SG katkılarının çalışma mekanizması;
• Kapiler boşluk miktarını, hacmini ve sürekliliğini(boşlukların birbirleriyle bağlantısını) azaltarak,
• Sertleşmiş beton içerisindeki kapiler boşlukları tıkayarak,
• Katkı içerisinde yer alan hidrofobik malzemelerin su ile reaksiyona girerek genleşmesi sonucu su geçişini azaltarak gerçekleşmektedir.
SG Katkıları çimento hamurunda yeralan kapiler boşluklar üzerinde etkisini göstererek absorbsiyonu ve permeabiliteyi azaltır. Ancak beton yüzeyinde oluşmuş büyük çatlaklar veya segregasyon nedeniyle bozulmuş yapısal hasardan su geçişini engelleyemez.

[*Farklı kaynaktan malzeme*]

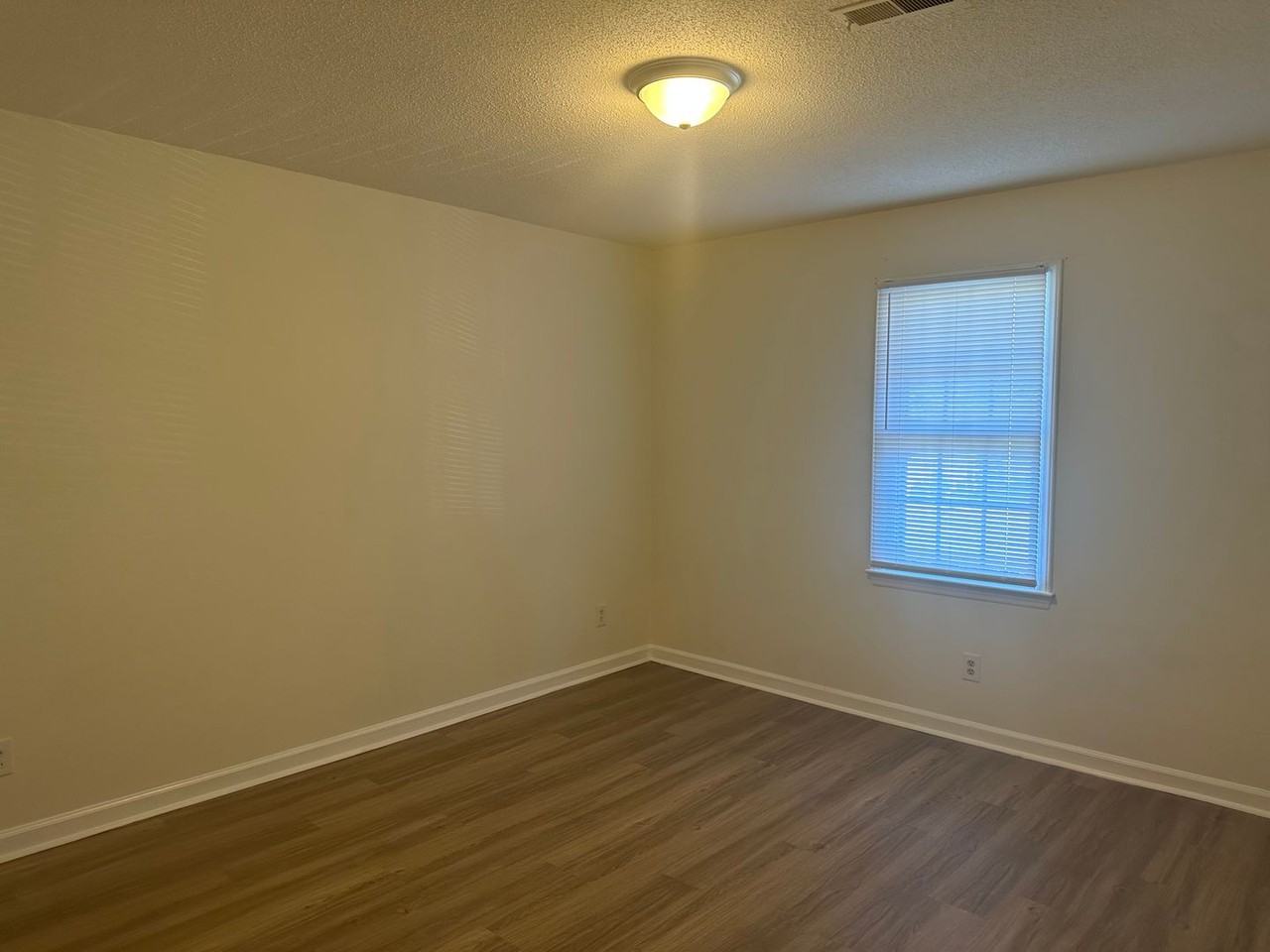 Countrycrest Apartments - Photo 5 of 10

SG Katkıları beton yüzeyinde oluşan ve çiçeklenme adı verilen kimyasal reaksiyonu engellemek için de kullanılabilir.
2. Standart
SG Katkıları ile ilgili standart “TS EN 934-2: Kimyasal Katkılar- Beton, Harç ve Şerbet için Bölüm 2: Beton Katkıları- Tarifler ve Özellikler, Uygunluk, İşaretleme ve Etiketleme” çizelge 9’da yer almaktadır.(Şekil-1 TS EN 934-2 Çizelge 9)
3. Materyal
Betonun geçirgenliği, beton içerisindeki kapiler boşluk hacmi, sayısı ve bu boşlukların birbirleri ile bağlantılı olup olmaması durumuna göre değişmektedir [1-2-3].Hidratasyon ürünlerinin dolduramadığı bağlantılı bu kılcal boşluklar sayesinde su ve diğer maddeler beton içerisinde ilerleyebilir.
Beton karışımlarında kullanılan agregaların geçirgenliği, karışım oranları, ince malzeme miktarı, agrega-hamur ara yüzeyi, yerleştirme, sıkıştırma ve kür koşulları gibi değişkenler beton geçirgenliğini etkilemektedir.

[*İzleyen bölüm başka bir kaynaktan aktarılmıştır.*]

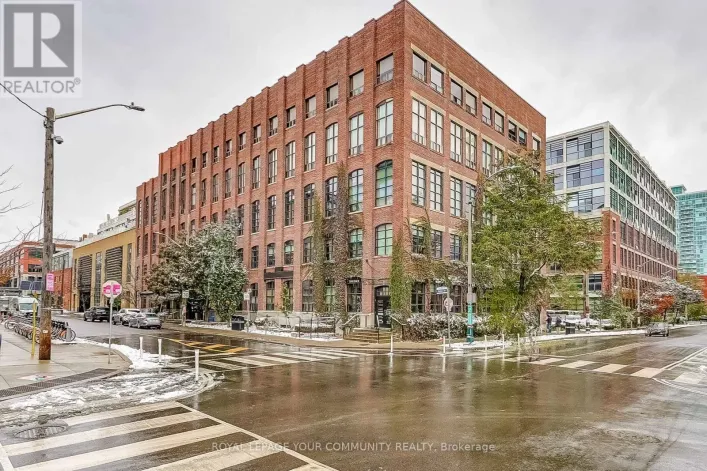 301 - 43 HANNA AVENUE, Toronto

Aynı zamanda ortam sıcaklığı ve nem döngülerinden kaynaklanan mikro-çatlaklar da betonun geçiş özeliğini önemli ölçüde artırabilir [4-5]. Kılcal boşlukları azaltmak için alınabilecek ilk önlem betondaki su/çimento oranının azaltılmasıdır.
Ayrıca betonun geçirgenliğini azaltmak için mineral ve kimyasal katkılar kullanılmaktadır. Su/çimento oranını düşürmek ve kapiler boşluğu azaltmak amacıyla genellikle beton içerisinde;
• TS EN 934-2 standardı Çizelge 2’de yeralan “Su azaltıcı / akışkanlaştırıcı katkılar” ve/veya
• TS EN 934-2 standardı Çizelge 3.1 ve Çizelge 3.2’de yeralan “Yüksek oranda su azaltıcı / süper akışkanlaştırıcı” katkılar kullanılmaktadır.
Bu katkılar ile serbest su miktarı azaltılarak kapiler boşluk oranı düşürülür ve betonun geçirimsizliği iyileştirilebilir. Mineral katkılar (uçucu kül, yüksek fırın cürufu vs.) ise daha ince olduklarından ve puzolanik reaksiyon gösterdiklerinden dolayı betonda çimento yerine veya filler olarak kullanıldığında, kapiler boşlukları azaltarak ve agrega-hamur ara yüzeyini iyileştirerek, betonun geçiş özeliklerini iyileştirmektedir [16-17].
SG katkıları kullanımı ile boşlukların tıkanması ise katkı içerisinde yeralan;
• Suda çözünen veya çözünmeyen, aktif ve reaktif filler malzemeler (kireçtaşı, silis dumanı vb.gibi),
• Suda çözünebilen organik polimerler yardımı ile yapılabilir.
Hidrofobik (su itici) kimyasal katkılar ise genellikle uzun zincire sahip yağ asidi esteri türevleri olan kimyasallardır. SG katkıları, su azaltıcı veya yüksek oranda su azaltıcı katkılar, hidrofobik kimyasallar ve boşluk tıkayan filler malzemelerin kombinasyonları ile üretilmektedirler.
4. Mekanizma
Betonun su emme oranı, içerisinde yer alan boşluk miktarına bağlıdır. Boşluk hacmi, çimento ile hidratasyona girmeyen serbest su oranı ile değişmektedir. Beton içerisindeki bu fazla su, betonun üretimi, taşınması, işlenebilirliği,doğru biçimde yerleştirilebilmesi ve sıkıştırılabilmesi için gereklidir.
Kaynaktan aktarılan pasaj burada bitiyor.